Work to complete
Beginning at the line containing "COLTRANE [180G LP]", repeat each line below exactly up to and including the line containing "Apartamento Raoum Inn - Hawtah Bani Tamim". Do not repeat the pictures.
::::::::
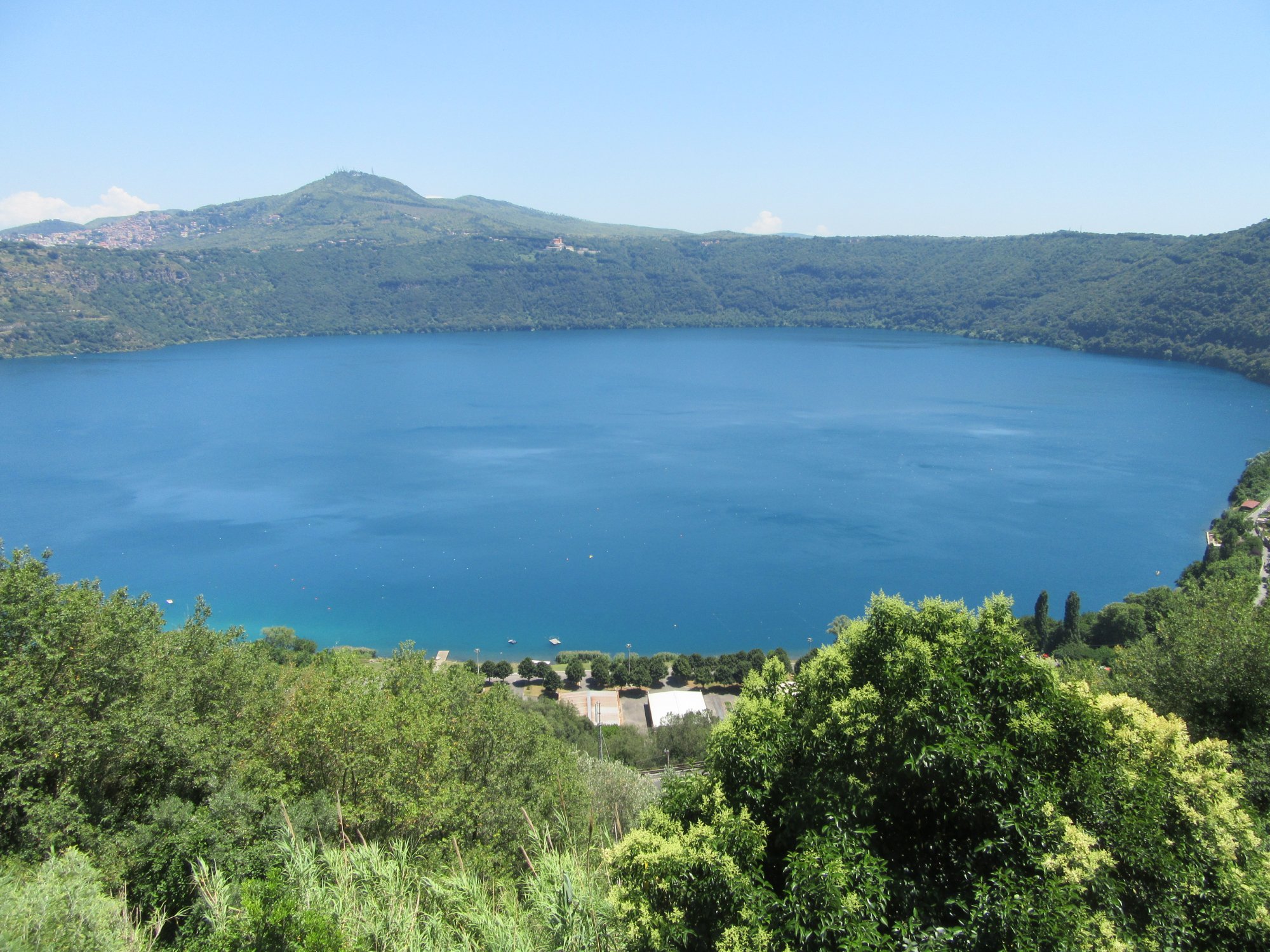 B&B CARPE DIEM (Castel Gandolfo, Italia) - Opiniones Y Comparación De ...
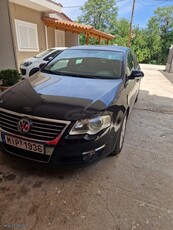 Volkswagen Passat '07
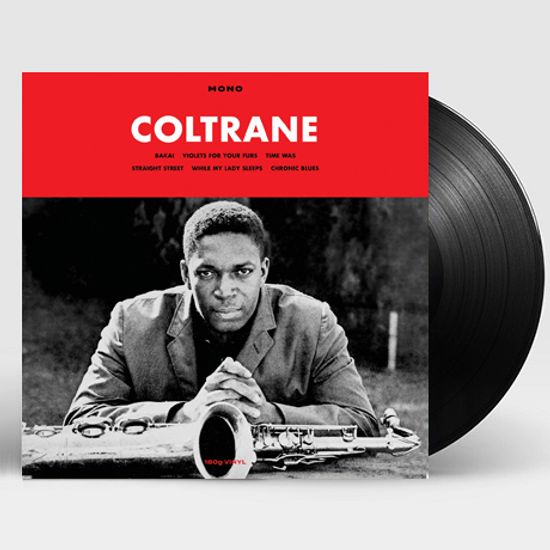COLTRANE [180G LP]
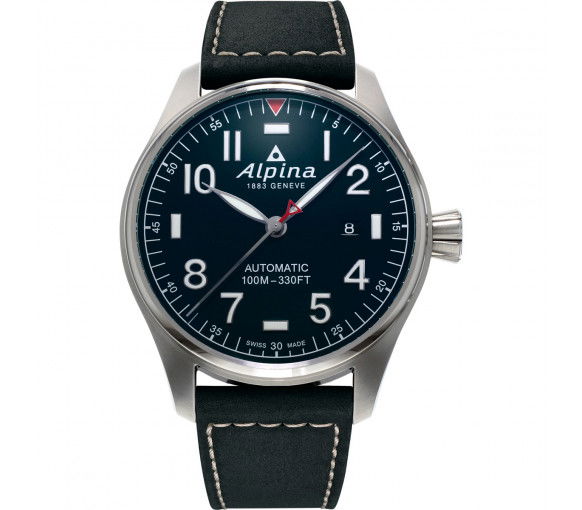Alpina watches on sale ch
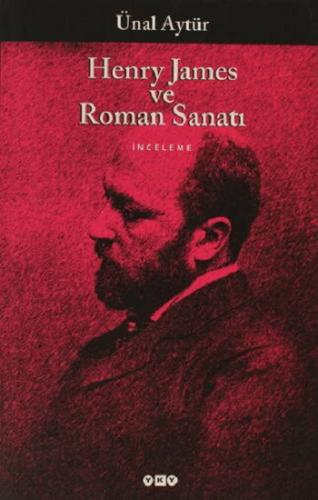 Henry James ve Roman Sanatı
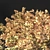 Autumn Tree Sculpture 2015 3D model small image 2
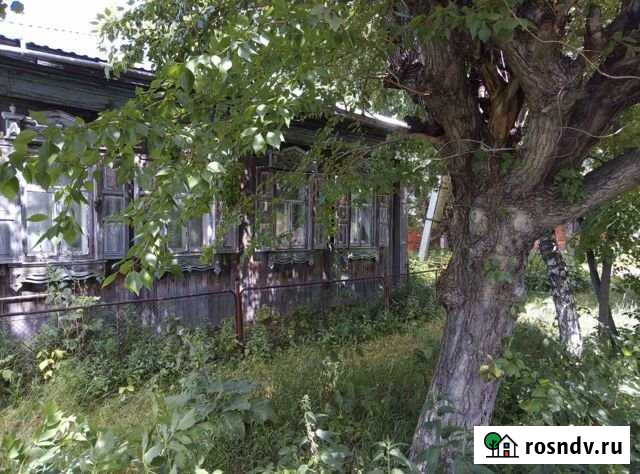 Дом 102 м² на участке 6 сот. на продажу в Тюмени Тюмень - изображение 1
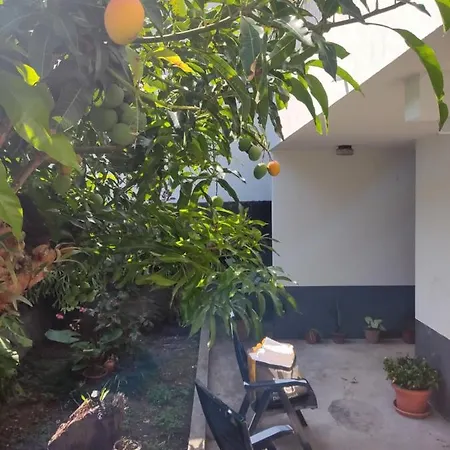 Tatil Evi Peaceful Place In São Vicente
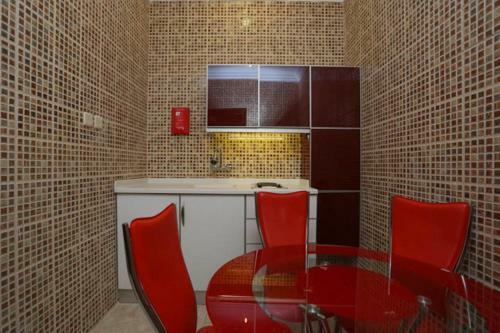 Apartamento Raoum Inn - Hawtah Bani Tamim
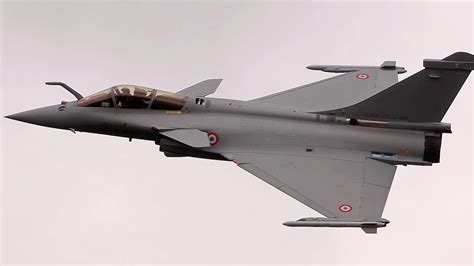 They built one of the deadliest jets ever - there's just one problem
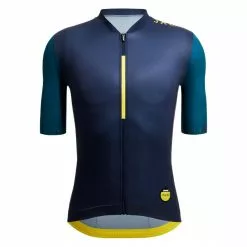 Maillot Santini Le Maillot Jaune Allez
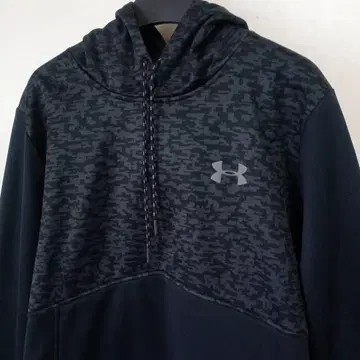 UNDERARMOUR 언더아머 STORM 후드티 남성용 XXL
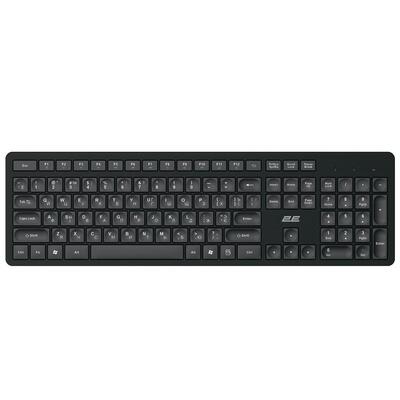 Клавіатура 2E 2E-KS260WB_CI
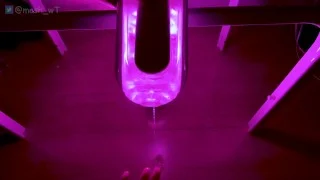 【ASMR/女性向け】膝立ちさせたままくちゅくちゅしたら、溢れてきちゃった…【耳舐め/女性向けボイス】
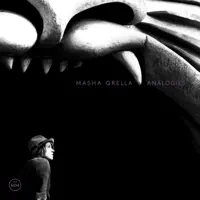 Crooked Dreams — Masha Qrella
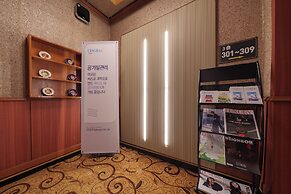 Bongrae Motel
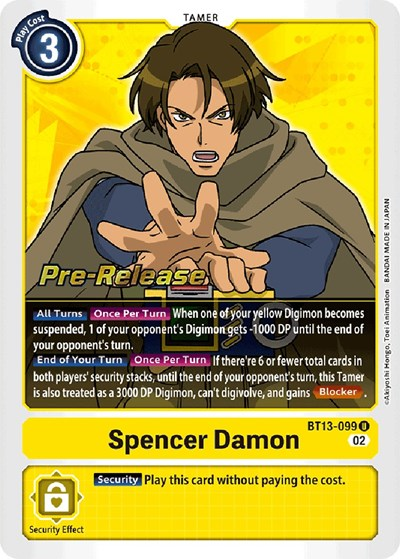 Spencer Damon Full hd image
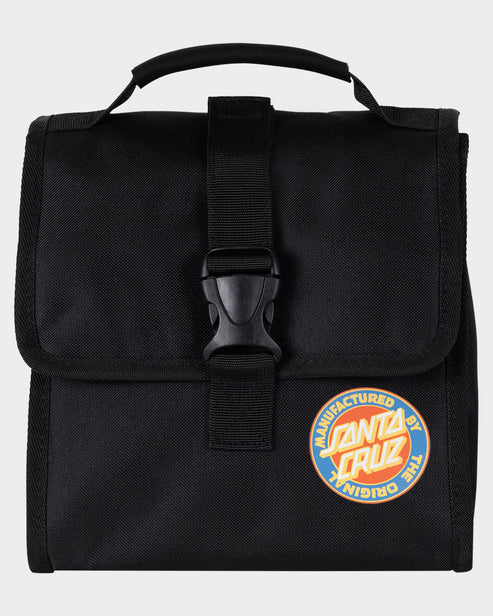 SANTA CRUZ RANGER MFG LUNCHBOX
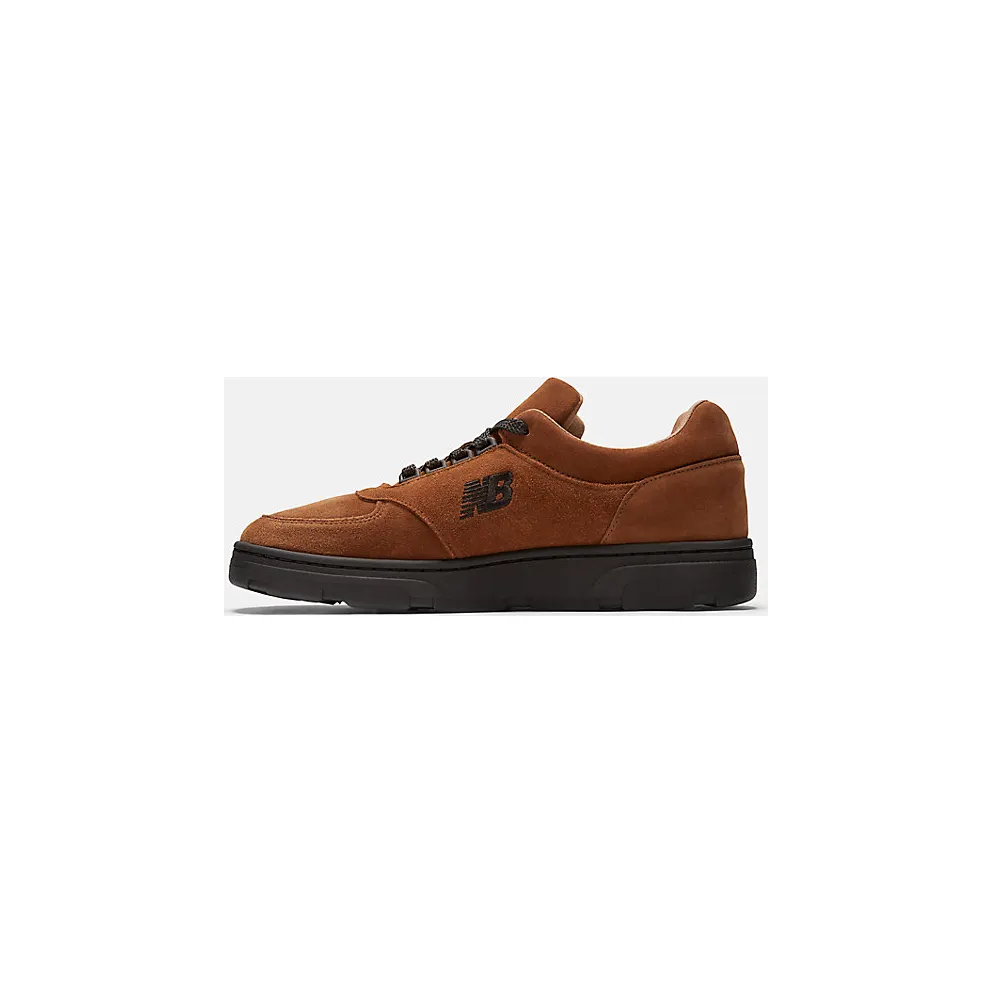 New Balance Allerdale “Made in UK – Brown Suede” (UADWTRB)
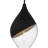 Drover 1-Light Pendant-1996082207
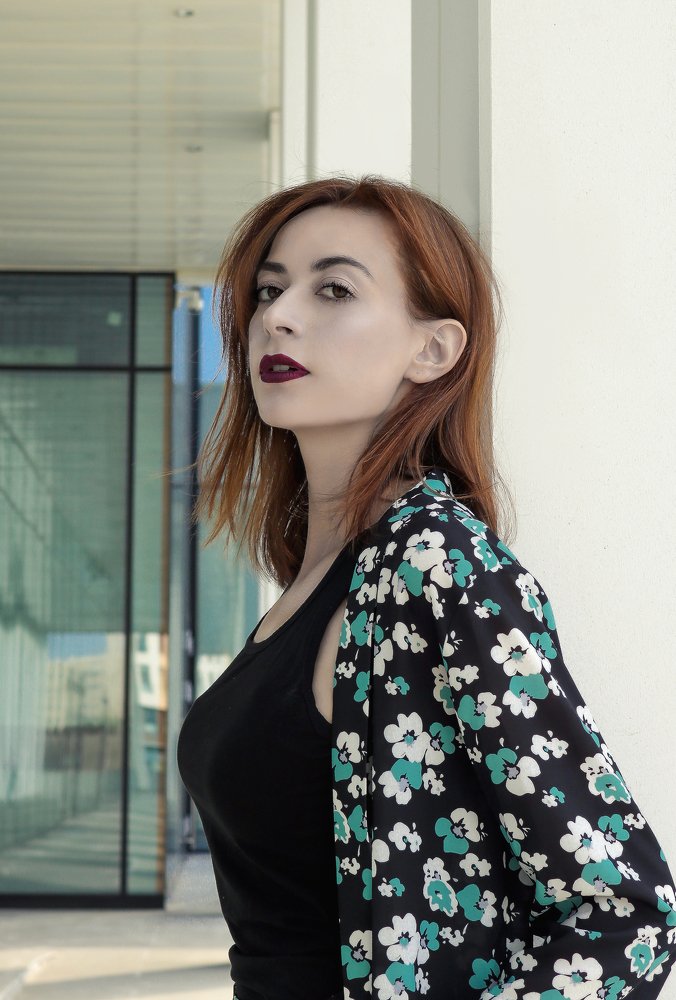 Photograph by  Марина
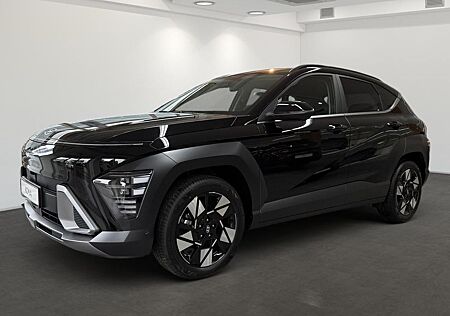 Hyundai Kona 1.6 GDI Prime Hybrid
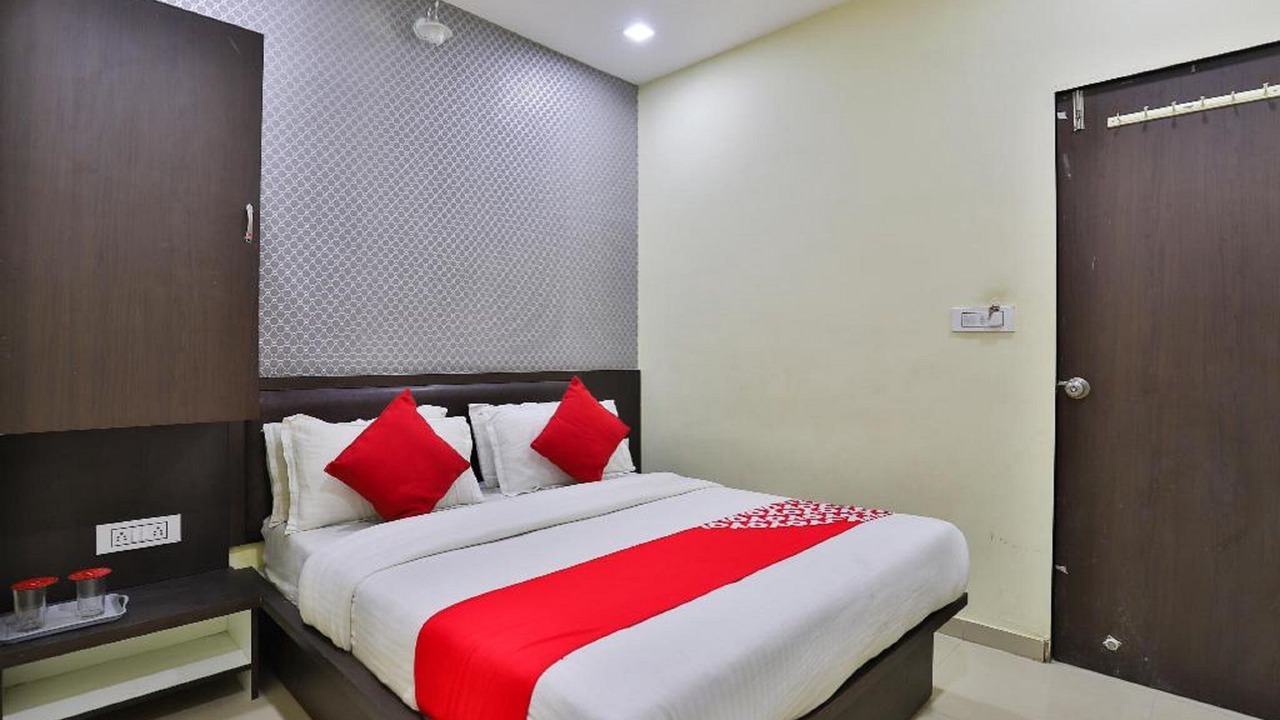 Photo of Bedroom in Gandhinagar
::::::::
Expected answer
COLTRANE [180G LP]
Alpina watches on sale ch
 Henry James ve Roman Sanatı
 Autumn Tree Sculpture 2015 3D model small image 2
 Дом 102 м² на участке 6 сот. на продажу в Тюмени Тюмень - изображение 1
 Tatil Evi Peaceful Place In São Vicente
 Apartamento Raoum Inn - Hawtah Bani Tamim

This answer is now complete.